So the psalmist envisions a day when even people whom socio-economic realities now often divide will be united in their praise to the Lord.  Whether people are now poor or wealthy, some day the Spirit will unite them in worshiping God.  The psalmist eagerly anticipates a time when even those who now “go down to the dust,” perhaps to kneel before powerful oppressors, will also someday kneel instead before the Lord of heaven and earth.

In fact, asserts the psalmist, someday even those who can’t “keep themselves alive,” the dying, will kneel before the Holy One.  James Mays notes how striking such an assertion is.  After all, in the psalmist’s world those who are dead don’t praise the Lord.  So while verse 29 doesn’t refer to those who are already dead as praising the Lord, it’s worth noting it does assert that someday the dying will also recognize they belong to the Lord.

Another striking feature of the scope of the praise to God that the psalmist envisions is her inclusion of “the rich of the earth.”  This is a kind of reversal of expectations.  After all, the Scriptures often warn those who are now wealthy, especially people who have unjustly gained their wealth, will someday forfeit it.  In Psalm 22, however, the psalmist insists that God is so generous that even “the rich of the earth will feast and worship.”

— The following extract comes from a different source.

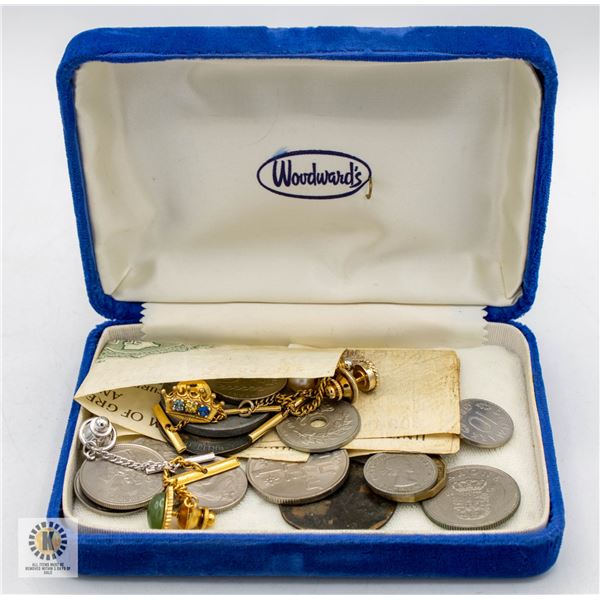 COLLECTION VINTAGE WORLD COINS BILLS ETC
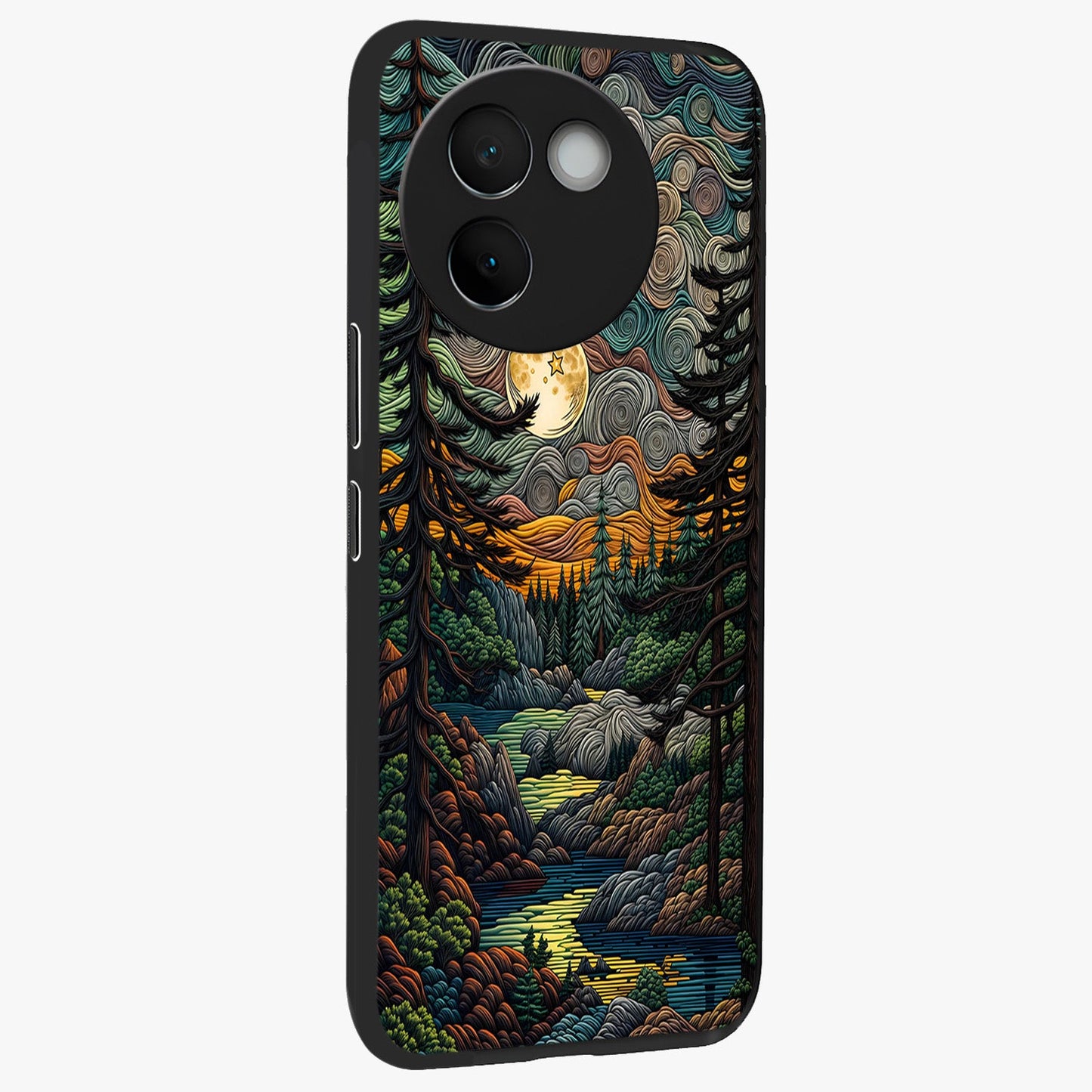 Moonlight Forest Dream Glass Case upright view showcasing magical forest artwork with calm night theme.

The ripples of praise spread so far across God’s world that they even extend into the unknown future.  After all, the psalmist asserts “posterity” will serve the Lord.  “Future generations will be told about the Lord.”  In fact, even those who are not yet born will be told about the Lord.  It’s a striking assertion that’s made by a psalmist who’s not even sure she’ll live to see another day.  It’s almost as if she insists that no matter what happens to her personally, the praise she has offered will spread across the world.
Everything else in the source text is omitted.